Finally heard back from Amy at Oberon. She said she didn't think the K3 sleeve would fit the nook, however she did say they will be making a sleeve for the nook and the K2 in a month or so.


----------



## luvmy4brats

Got a wi-fi nook yesterday. (The $25 gift card at Best Buy pushed me over the edge) Right now it's residing in my Black Roses K2 Oberon. I think I'll add a spot of Velcro, but it seems to be ok (It's a little loose, but still in there pretty good)


----------



## pidgeon92

luvmy4brats said:


> Got a wi-fi nook yesterday.


I _knew_ you'd cave.  Lemme know if you need help setting it up for library books.


----------



## luvmy4brats

LOL! Like I said, the $25 GC did it. Plus, I've been getting all of those free classics.
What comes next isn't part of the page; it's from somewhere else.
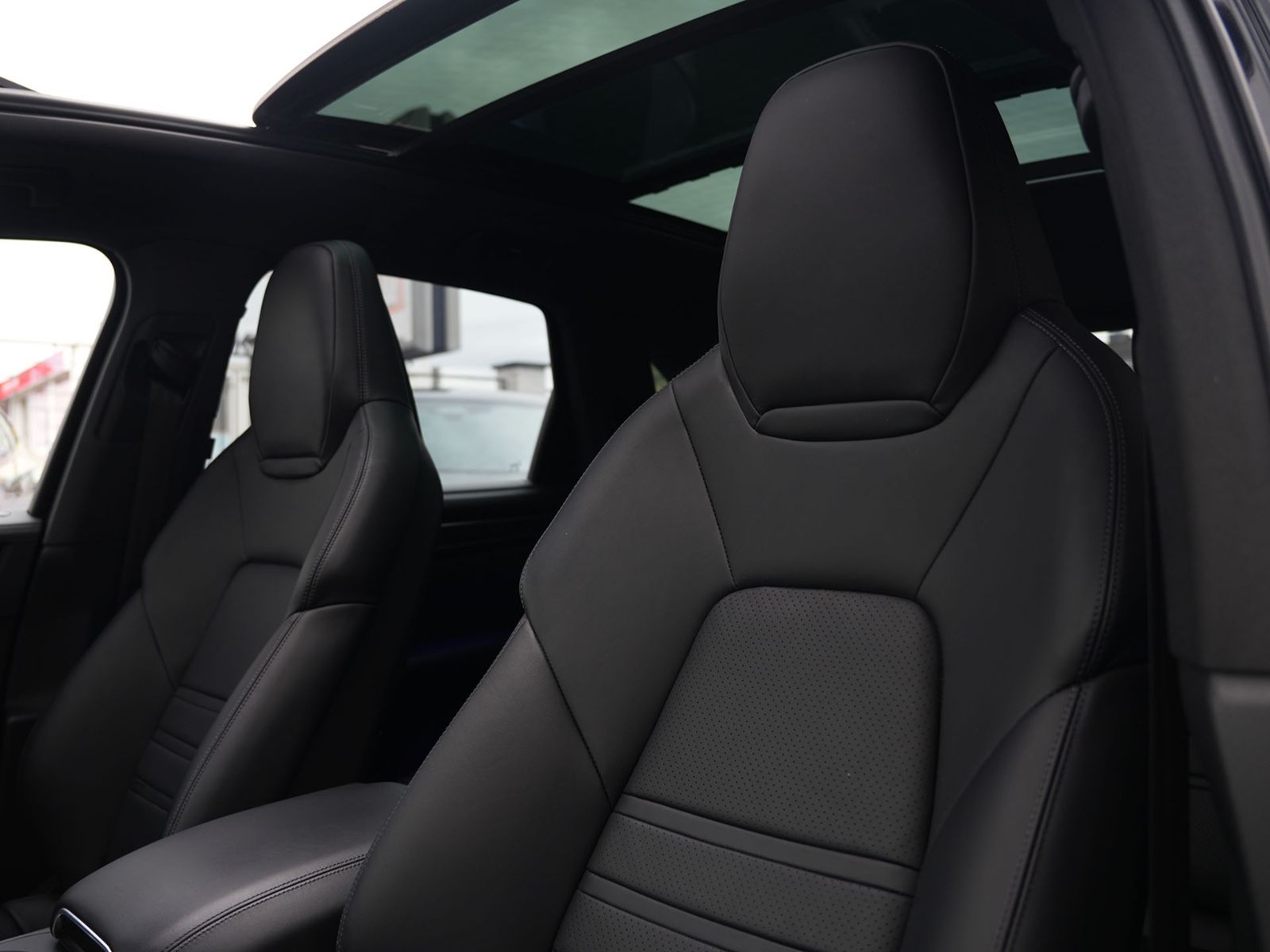 Porsche E-Hybrid MY24-INNODRIVE-ACC-LUFTF.-PANO-BOSE-RS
Thanks for the help on the library books. I actually went through your posts to others and got it (you helped a LOT!) Now I'm just waiting for my card from Philly.


----------



## Kindled Spirit

I just ordered this from a seller on etsy. She's making it to fit the nook in cover without the strap. I think it's so cute 
http://www.etsy.com/shop/Keilantra?ref=seller_info


----------



## KindleGirl

I just got my leopard Go cover from M-edge this morning and I think I'm gonna love it for the nook! It bends backwards pretty easily and it's not much bigger than the nook so it's great.


----------



## Kindled Spirit

I've got the Lily Pulitzer gold snake cover from B&N on the way and the seller on etsy I ordered a cover from sent me pics of the finished product for my approval before she ships it out. I love it! That's her nook in the pic.


----------



## corkyb

I want that. Where can I order it from?  Sooo cute.


----------



## Kindled Spirit

corkyb said:


> I want that. Where can I order it from? Sooo cute.
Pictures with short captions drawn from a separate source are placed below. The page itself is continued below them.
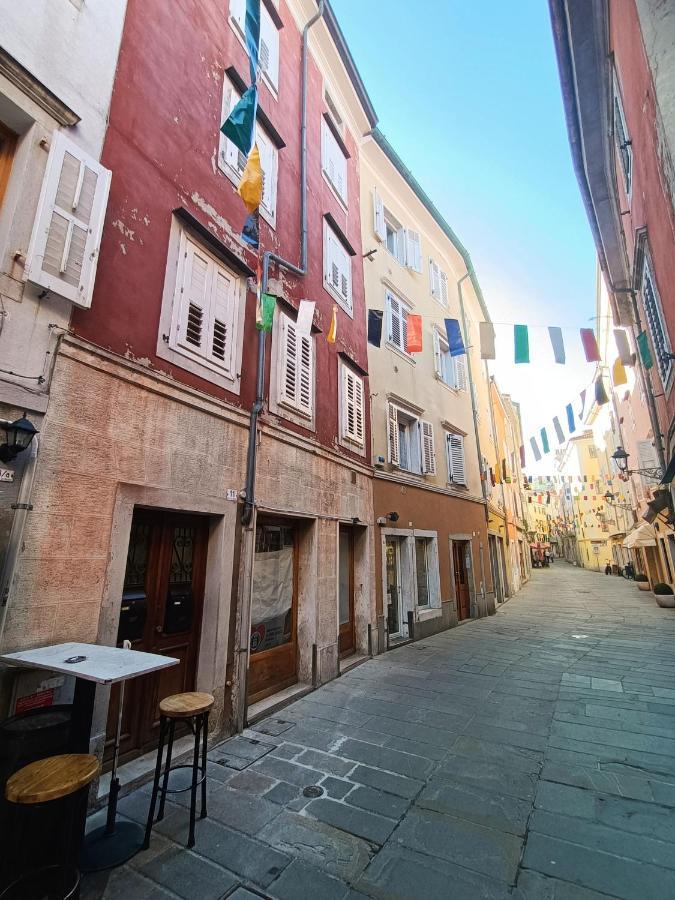 Apartamento La Tana Di Alice Múggia Exterior foto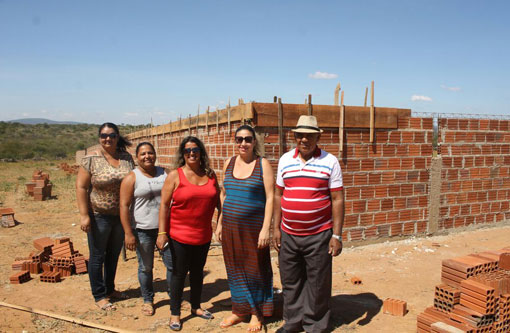 Brumado: construção do Cemitério da Vila Presidente Vargas foi uma luta da comunidade, diz Rosa Riqueza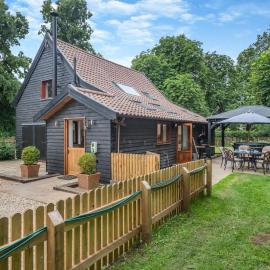 3 Bed in Ketteringham oc-1878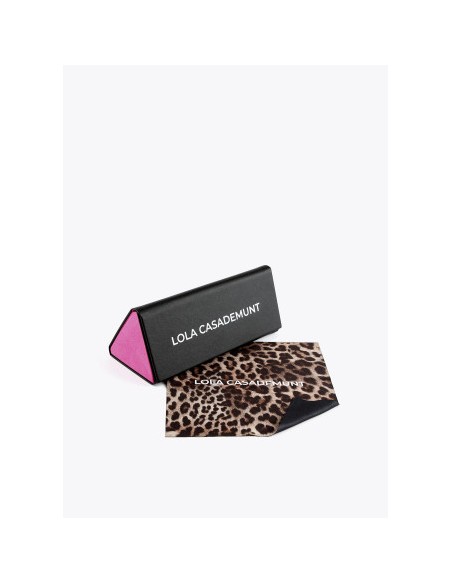 GAFAS-DE-SOL-NEGRAS-REDONDEADAS-LEOPARDO-PATILLAS-LOLA-CASADEMUNT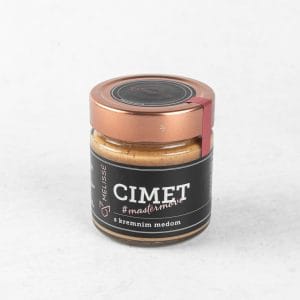 Kremni med s cimetom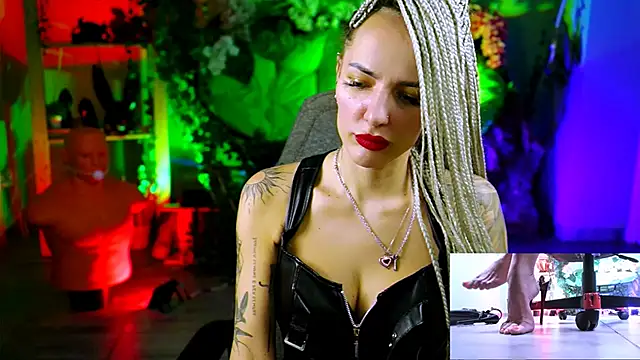 MonicaMaxwel live sex cam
Here's a link to her etsy shop. She has been a delight to work with.

http://www.etsy.com/shop/Keilantra?ref=seller_info


----------



## corkyb

Yes, I saw it.  I Had missed it in your first post.  I did order it.  I think it's just the cutest bag.
Thanks for posting.
Paula


----------



## Kindled Spirit

Thank you so much and you are quite welcome


----------



## corkyb

I might have to get that Lily Pulitzer cover too.  But I'm waiting on a used Noreve right now and I did buy the Kate Spade canvas one of the woman sitting on top of a pile of suitcases on sale.  I don't want too many for my nook as I haven't even really used it yet other than to play around and figure out how to download library books and read part of the manual.
Paula


----------



## Meemo

corkyb said:


> I might have to get that Lily Pulitzer cover too. But I'm waiting on a used Noreve right now and I did buy the Kate Spade canvas one of the woman sitting on top of a pile of suitcases on sale. I don't want too many for my nook as I haven't even really used it yet other than to play around and figure out how to download library books and read part of the manual.
> Paula


I wasn't going to get a second cover, but then an Oberon popped up here for sale...resistance was futile...I'm so weak....


----------



## corkyb

Well this would be my third.  Maybe I should just sell the nook before it gets too out of hand.  I think I bought the noreve from whomever you bought you blue ROH from.  Can't wait to get it.


----------



## Meemo

corkyb said:


> Well this would be my third. Maybe I should just sell the nook before it gets too out of hand. I think I bought the noreve from whomever you bought you blue ROH from. Can't wait to get it.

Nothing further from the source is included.